For the CO2, I think it is reasonably up. The pH is 6.5 (dupla electrode, calibrated last week) and the KH is 3 (more or less.......). Since a dutch friend states on his internetsite that the intake of micro´s is maximal between 6.5 and 7.2 (with different intake profiles for each nutrient), I think that it is not wise to lower the pH even more. Do you agree?

And I really keep the mega-dosing in mind!

thanks again for the answers!

yme


----------



## plantbrain (Jan 23, 2004)

www.BarrReport.com


----------



## yme (Jul 25, 2005)

I must say your view on the matter is really interesting and absolutely a way to go. 

Since I am a control freak, I would definately go for an automatic system that measures nitrate/phosphate etc and adjusts the concentration when necessary, but since I am not familiar with such a system I have to do it differently..... 
We concluded yesterday that my testkits are useless, thus it is impossible to determine the actual concentration of the previously mentioned nutrients. Therefore, it seems absolute nonsense that I use the test kits to fine tune the dosing regime. This leads to the conclusion that it is very logical to go the way you suggested.

The only thing is that I would LOVE to know the actual concentrations. It seems just weird to me that I can do in situ´s, PCRs, confocal microscopy, make transgenic animals, study proteins on a nanometer structure, etcetc, but can not determine the concentration of a simple nutrient in water. Of course, money is a problem and most likely it is like throwing your money out of the window, but at least you KNOW! I think that is just the beta-person inside me that is anxious to KNOW things and is very unhappy when that is not possible.

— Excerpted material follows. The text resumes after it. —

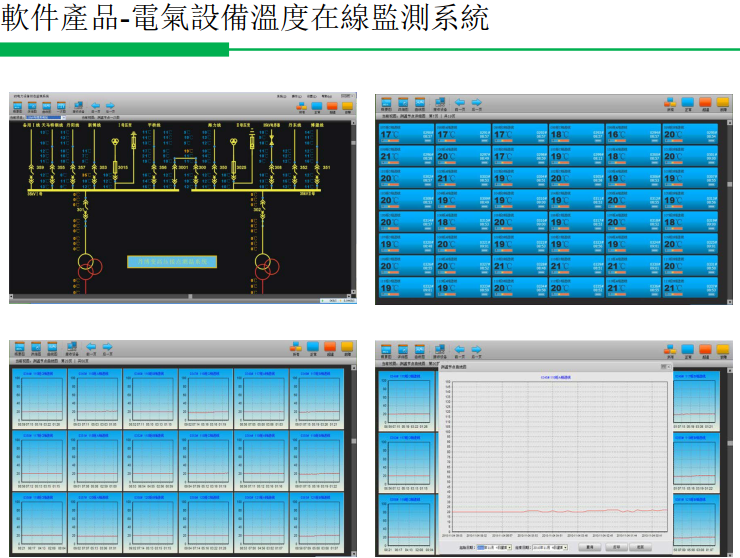5d0408688ae60d96e31cd91c7b0ef04a.png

To go back to the CO2: I of course read about the mist-powerhead diy device that you constructed and I liked it! (not sure about the underlying scientific explanation, but that is not an issue at the moment nor do I have any knowledge about this matter) However, I think it is quite difficult to hide in a 1 meter tank and I am still not sure how you constructed the venturi-loop to the inlet of the powerhead. I hope I can find an answer somewhere on the internet!

greets,

yme


----------



## plantbrain (Jan 23, 2004)

Regards, 
Tom Barr

www.BarrReport.com


----------



## yme (Jul 25, 2005)

thanks Tom!

I will definately look into the limewood air stones! 

I looked at the price hanna photometers, but it is pretty expensive if you want the C203. But maybe it´s worth the price. I don´t know yet. If I´m rich, I will definately buy it!

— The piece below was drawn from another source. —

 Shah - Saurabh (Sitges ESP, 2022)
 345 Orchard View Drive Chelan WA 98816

After a couple of days administrating the 10x dose NO3, i.e. 20 mg/l/week, I see that my echinodorus osiris (think not that is the one, but is was sold as such) is growing larger leaves. More surprisingly, the new leaves are much more red. the stargrass looks healthier as well, but slightly yellow. On the other hand, I see clearly that long individual single stranded algae are starting to appear on the leaves of several plants. Don´t know what to think about it, but it doesn´t look good...

greets,

yme


----------



## plantbrain (Jan 23, 2004)

edit


----------



## Edward (May 25, 2004)

Hi yme

Most inorganically under dosed aquariums show some NO3 and PO4 on the test kits. However this situation is more less stagnation. It wouldn’t be the first time, if you tried a balanced complete fertilization program to see a drop in NO3 and PO4 and new healthy plant growth waiting for more fertilization.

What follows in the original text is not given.